I love David Lynch. I think Twin Peaks is one of the greatest TV shows ever made, and the subsequent movie adaptation is equally impressive, albeit for completely different reasons. I defy anyone to find a more moving film than The Elephant Man (ditto The Straight Story), while Blue Velvet pulls off the uncanny double-act of being hysterically funny and unbelievably disturbing at the same time. Mulholland Drive is arguably the finest American film made since the millennium and Lost Highway is an underrated classic that deserves to be seen by a far larger audience. Yeah, it's pretty safe to say I love David Lynch, which is why it pains me to say that The Short Films Of David Lynch, a recently-released DVD collection of his student work and other assorted rarities, will not be jumping straight to the top of my Christmas wish-list. As impressive as some of them are (The Grandmother is an understated work of genius and The Cowboy And The Frenchmen is hysterically funny, particularly for including what must be the first recorded instance of Harry Dean Stanton wearing a beret) others, Six Men Getting Sick and the other animation-heavy early efforts in particular, achieve little more than inducing nausea and a headache of almost atomic proportions. The crown jewel of the collection, the stunningly abstract Lumiere: Premonitions Following An Evil Deed finishes things in spectacular style, but therein lies the rub.
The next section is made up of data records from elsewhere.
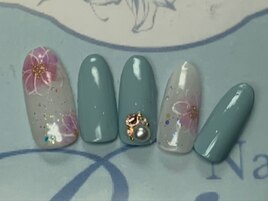 手描き春フラワーネイル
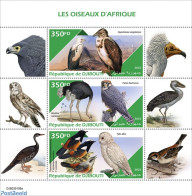 Djibouti 2022 African Birds, Mint NH, Nature - Birds - Birds Of Prey - Owls - Yibuti (1977-...)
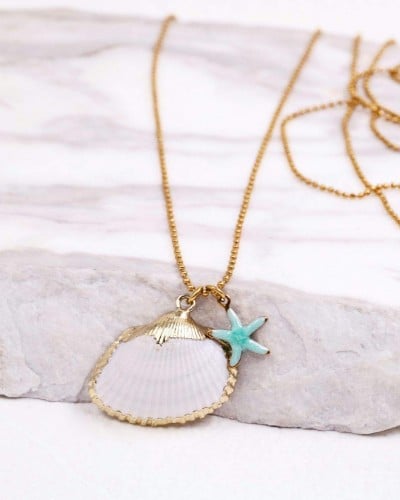 Επίχρυσο Μακρύ Κολιέ | Sea Shell & Enamelled Starfish 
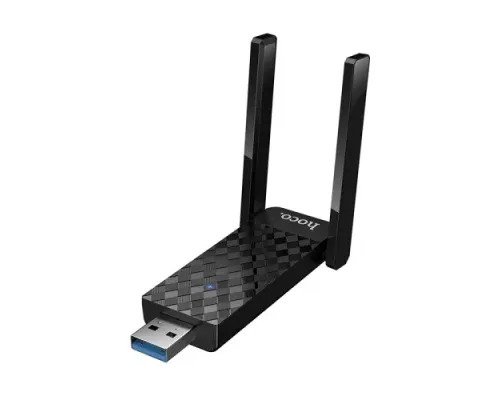 WiFi-роутер HOCO HI34 WiFi6 USB external dual antenna wireless network card чорний mag-6942007659680145305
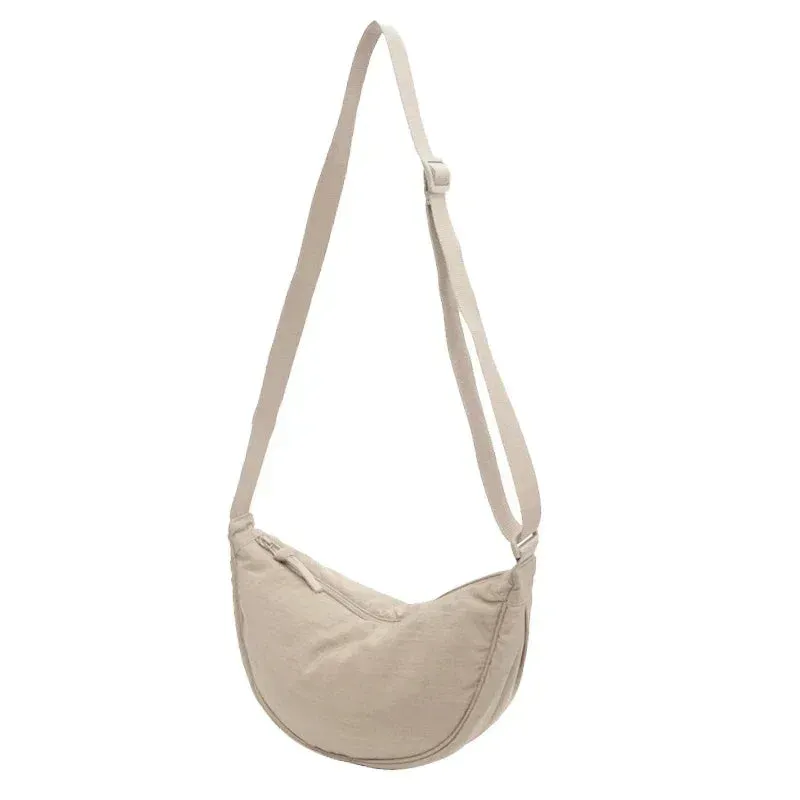 Nylon Hobos Chest Shoulder Bag Large Capacity Travel Crossbody Half Moon Belt Messenger for Women Bags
The best thing on this DVD is only 52 seconds long. As much as one wants to revel in the artistry and incredible craft involved to produce some of these shorts, the very nature of them being short films ultimately ends up being to their detriment, as the chances of watching them over and over again is minimal. Lynch aficionados and other film buffs should track down a copy, as they will find much to admire and adore within it, but when you get in from work on a cold winters night and want to unwind in front of your big-screen TV, don't bet on this being the first disc that you reach for.